No organization comes without its problems, however, and the Bureau has its own.  Many people who work for it believe the Bureau’s misguided claims and teachings will ultimately become its undoing.  Suddenly Tris has to make a decision: believe the propaganda the Bureau puts forth, or try to forge a new path—again.  Tobias’ wavering loyalty doesn’t help, and Tris really just wants Caleb to go away completely.  But life has never been that simple, she knows, and once again she has to make choices.

Author Veronica Roth presents readers with an ambitious concept in the Divergent trilogy.  It works, to a certain extent.  The story arc will certainly make readers consider the consequences of discriminating against people with differences, no matter what form those differences take.  But in her attempt to pull in the intended YA audience of the books, Roth lets logic and story progression flounder.

Tris, Tobias, and the others discover that the Bureau monitors people almost to a point of obsession, and at certain points Tris ponders the ethical implication of the fact that the Bureau could have stepped in to help and only watched on TV instead.  So it’s a little hard to believe that an organization that tracks its experiment subjects so closely would not exercise the same caution within its own physical headquarters.

That’s exactly what Roth would have readers believe; Tris and Co. manage to plan and engage in an uprising without once getting discovered.  No hidden cameras or microphones keep tabs on the Bureau’s own employees, which seems a little more than far-fetched.

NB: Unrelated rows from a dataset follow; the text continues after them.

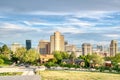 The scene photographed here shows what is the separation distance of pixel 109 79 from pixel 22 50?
2805 inches

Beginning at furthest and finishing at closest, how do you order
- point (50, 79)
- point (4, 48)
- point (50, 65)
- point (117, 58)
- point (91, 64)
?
point (4, 48)
point (117, 58)
point (91, 64)
point (50, 65)
point (50, 79)

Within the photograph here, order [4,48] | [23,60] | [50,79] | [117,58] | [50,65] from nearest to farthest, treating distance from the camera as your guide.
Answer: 1. [50,79]
2. [50,65]
3. [117,58]
4. [23,60]
5. [4,48]

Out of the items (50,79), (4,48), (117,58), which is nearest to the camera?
(50,79)

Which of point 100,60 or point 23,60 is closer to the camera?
point 100,60

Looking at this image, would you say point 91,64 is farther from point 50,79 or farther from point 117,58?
point 50,79

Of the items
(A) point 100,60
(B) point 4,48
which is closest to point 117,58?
(A) point 100,60

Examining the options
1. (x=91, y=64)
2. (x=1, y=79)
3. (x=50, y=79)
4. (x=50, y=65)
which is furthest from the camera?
(x=91, y=64)

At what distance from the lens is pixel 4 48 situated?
127 m

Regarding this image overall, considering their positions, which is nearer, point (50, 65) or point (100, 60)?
point (50, 65)

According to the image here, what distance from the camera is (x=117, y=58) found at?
105438 mm

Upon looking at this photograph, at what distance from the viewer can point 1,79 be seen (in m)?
40.4

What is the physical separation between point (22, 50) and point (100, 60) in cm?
2994

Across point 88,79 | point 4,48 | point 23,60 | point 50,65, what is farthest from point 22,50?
point 88,79

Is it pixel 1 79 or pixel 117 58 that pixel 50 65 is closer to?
pixel 117 58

Also, most of Tris and Tobias’ encounters early in the book deal with their make out sessions, and after a while it gets tedious to the point of encouraging readers to skip paragraphs.  Roth seems to want to drill the idea into the heads of her readers that the two teens love one another.  We get it.  They like each other.  They’re physically attracted to one another.  And because this isn’t a grownup book, they can’t exactly consummate that love every 10 pages.  By the fourth or fifth kiss, readers will probably feel relieved that that’s all they do.

I also had a real problem with the death of a particular character.  I found it hard to believe that Roth would make this choice in the story.  It doesn’t add anything of value to lose this person; in fact, it almost feels like she decided to do it to justify another literary device that readers will find different from the first and second books.

That device—adding Tobias as a first-person narrator—feels jarring.  In the first two books we hear the entire story from Tris’ point of view.  In Allegiant Tobias gets to come into the spotlight to share his side of things, and this immediately puts distance between the readers and the characters.  It feels akin to Stephenie Meyer’s choice to share the point of view responsibility in the last Twilight book, and I didn’t like it then either.

I loved the main idea that Roth presented—the experiment of the factions—but I feel like her execution of the actual story let the entire series down.  I would recommend this book only to readers of the first two so they can find out what happens, but I wouldn’t necessarily tell people to start the series if they haven’t already done so.